Ellagic Acid

TL;DR. This ingredient is used primarily as an antioxidant and skin-conditioning active. It also supports tone-evening formulas by helping reduce oxidative stress and influencing pigment-related pathways in the skin.

What does Ellagic Acid do in a cosmetic formula?

This ingredient is used primarily as an antioxidant and skin-conditioning active. It also supports tone-evening formulas by helping reduce oxidative stress and influencing pigment-related pathways in the skin.

Is Ellagic Acid clean?

It is generally well tolerated, not a common fragrance allergen, and does not sit on major clean-beauty restricted lists. The main formulation caveat is poor solubility, which can affect texture, color, and delivery if the formula is not well designed.

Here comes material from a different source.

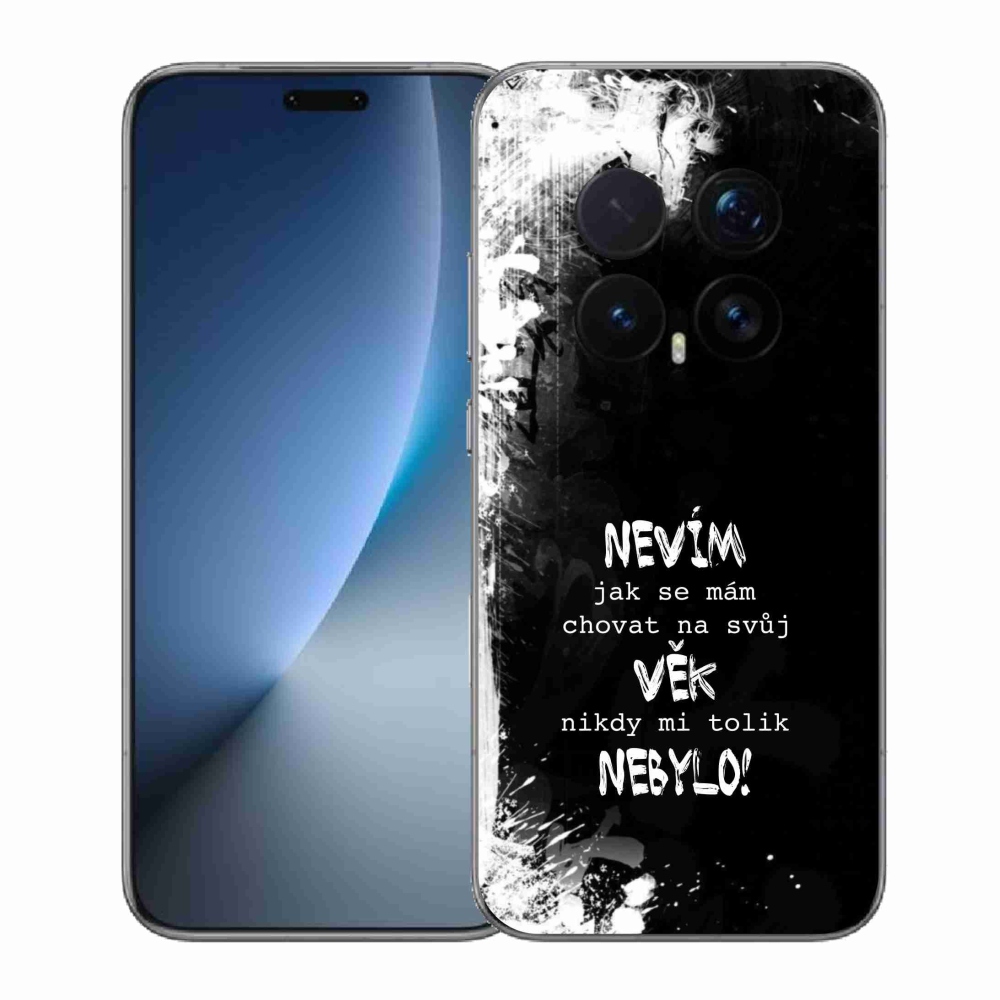 Gelový kryt mmCase na Honor Magic 8 Pro - vtipný text 14 černé pozadí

Is Ellagic Acid sustainable?

This compound is typically plant-derived, often from pomegranate, berries, nuts, or botanical byproducts. It has low persistence and low bioaccumulation concern, with a better sustainability profile when sourced from agricultural side streams and extracted with lower-impact solvents.

Is Ellagic Acid COSMOS-approved?

It can be permitted in COSMOS-natural and COSMOS-organic formulas when sourced from approved botanical materials and processed with allowed extraction methods. From a Green Chemistry view, it aligns best when renewable feedstocks, ethanol or water-based extraction, and minimal purification burden are used.

How does Ellagic Acid work chemically?

The molecule is a planar, highly hydroxylated polyphenolic lactone, which explains both its radical-scavenging behavior and its limited water solubility. Typical cosmetic use is often around 0.1% to 1%, and formulators commonly rely on solubilizers, encapsulation, or dispersion systems to improve delivery and reduce precipitation.